Story originally published in the Portland Tribune.

Three years ago, Portland resident Mike Floyd set out to stitch 1,000 8"-square quilt blocks with an origami crane on each of them. His plan was to work on one per day, make each as distinct as possible, and number and date the squares at the finish.

"A Thousand Quilted Cranes Project" would pay homage to the Japanese Senbazuru 1,000 Origami Cranes legend, although using stitched blocks, and would celebrate 1,000 people who have affected Floyd's life in some way. In the Senbazuru legend, 1,000 origami cranes strung together bring good luck or fortune. Floyd envisions stringing the quilts together by color and through chronological order of people who impacted his life. "For the legend to work, you have to put them together as a flock," says Floyd.

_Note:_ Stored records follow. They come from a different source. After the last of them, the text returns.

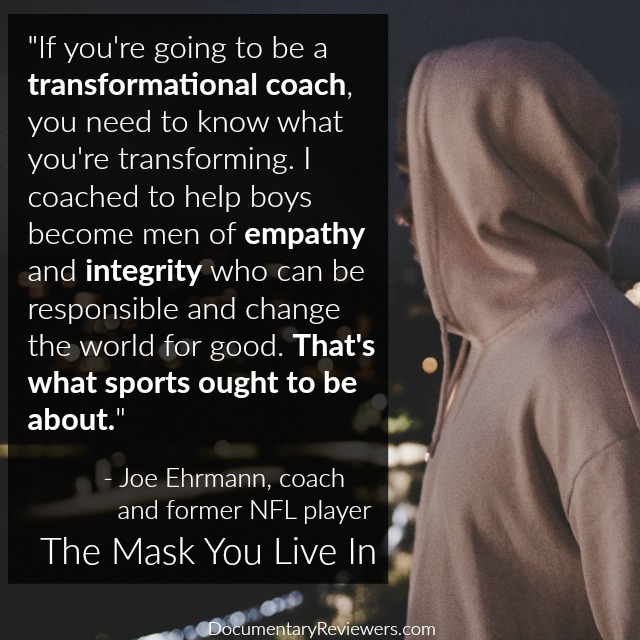 Inspirational quote from Joe Ehrmann from The Mask You Live In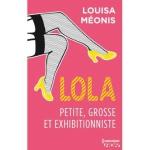 lola - petite, grosse et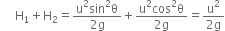 space space space space space straight H subscript 1 plus straight H subscript 2 equals fraction numerator straight u squared sin squared straight theta over denominator 2 straight g end fraction plus fraction numerator straight u squared cos squared straight theta over denominator 2 straight g end fraction equals fraction numerator straight u squared over denominator 2 straight g end fraction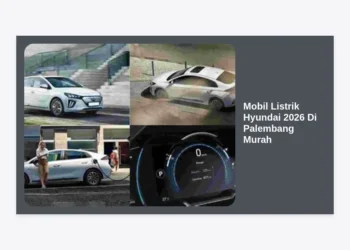 Mobil Listrik Hyundai 2026 Di Palembang Murah: Daftar Harga & Promo Terbaru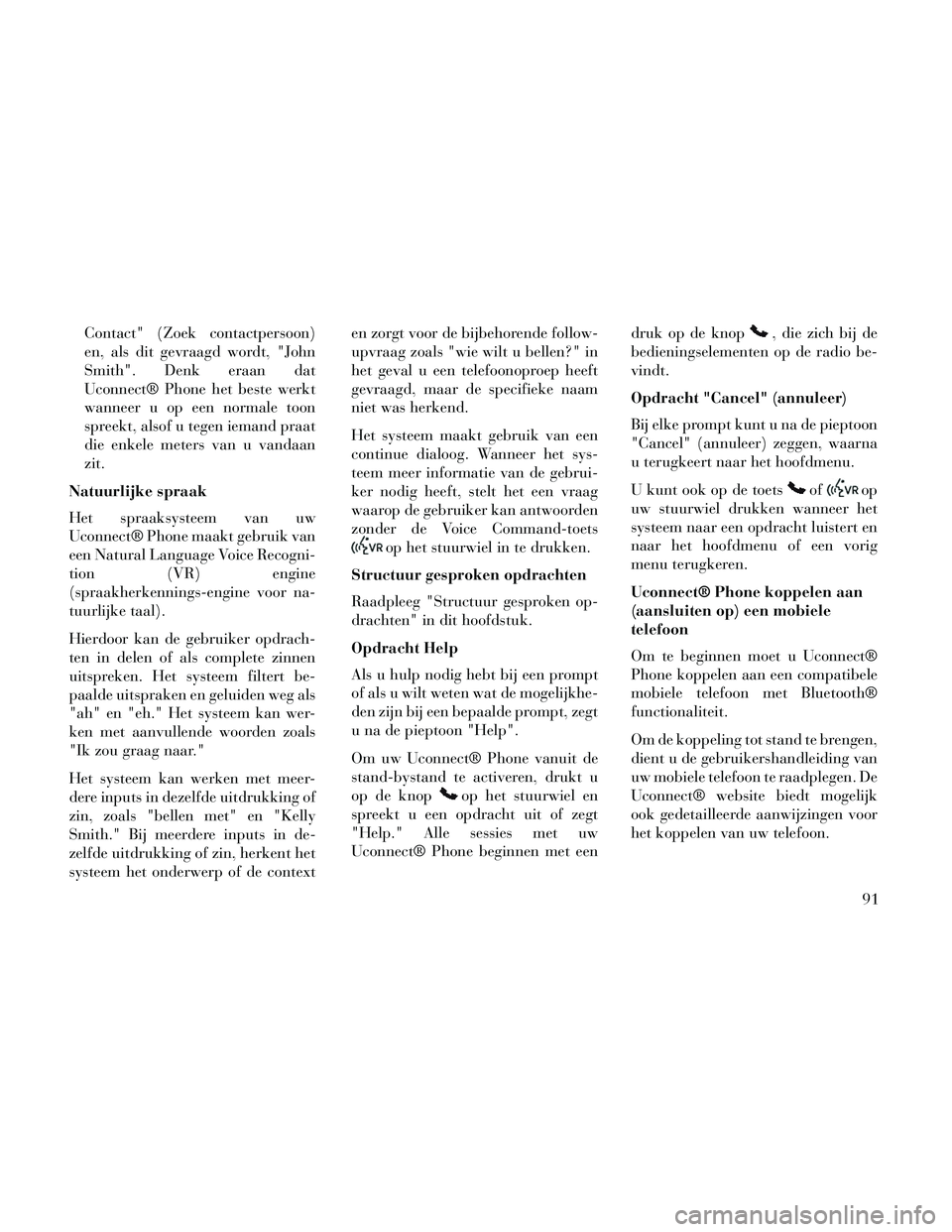 Lancia Thema 2014 Instructieboek (in Dutch) Contact" (Zoek contactpersoon)
en, als dit gevraagd wordt, "John
Smith". Denk eraan dat
Uconnect® Phone het beste werkt
wanneer u op een normale toon
spreekt, alsof u tegen iemand praat
die enkele me Lancia Thema 2014 Instructieboek (in Dutch) Contact" (Zoek contactpersoon)
en, als dit gevraagd wordt, "John
Smith". Denk eraan dat
Uconnect® Phone het beste werkt
wanneer u op een normale toon
spreekt, alsof u tegen iemand praat
die enkele me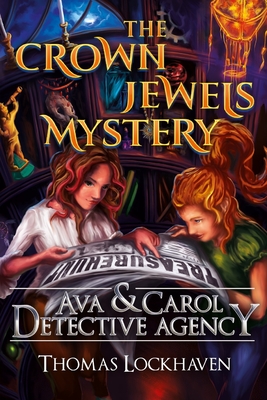 Ava & Carol Detective Agency: The Crown Jewels Mystery - Lockhaven, Thomas, and Aretha, David (Editor), and Lockhaven, Grace (Editor)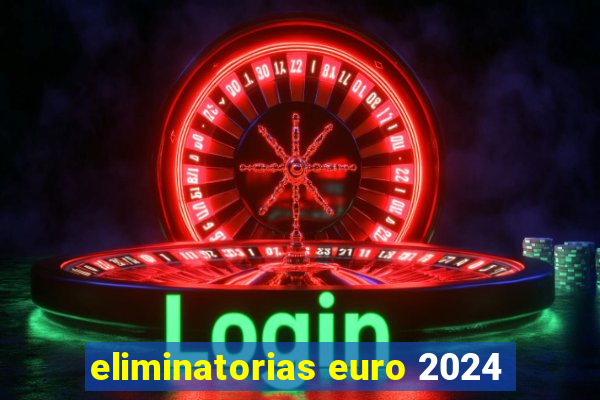 eliminatorias euro 2024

In April 2016, Floyd stitched his 1,000th quilted origami crane. While Floyd repeated color combinations, he carefully made sure not to use the same fabric combos. In the next few years, Floyd plans to finish the project, which will include stitching the names of 1,000 people onto the squares and writing about what impact they made on his life. A blanket with 1,000 squares would be about 13x33 feet, which Floyd says is much too big for his Portland apartment, so he's planning on stringing them together to complete his project.

Currently, Floyd only has 722 names of people on his list, although that leaves lots of room for any people he meets in the future who affect his life. As Floyd writes in his blog, referring to the project theme, "I needed to remember I wasn't alone back in February 2013," when he started the project. "On April 19, 2016, I was given proof that I wasn't - and have never been - alone."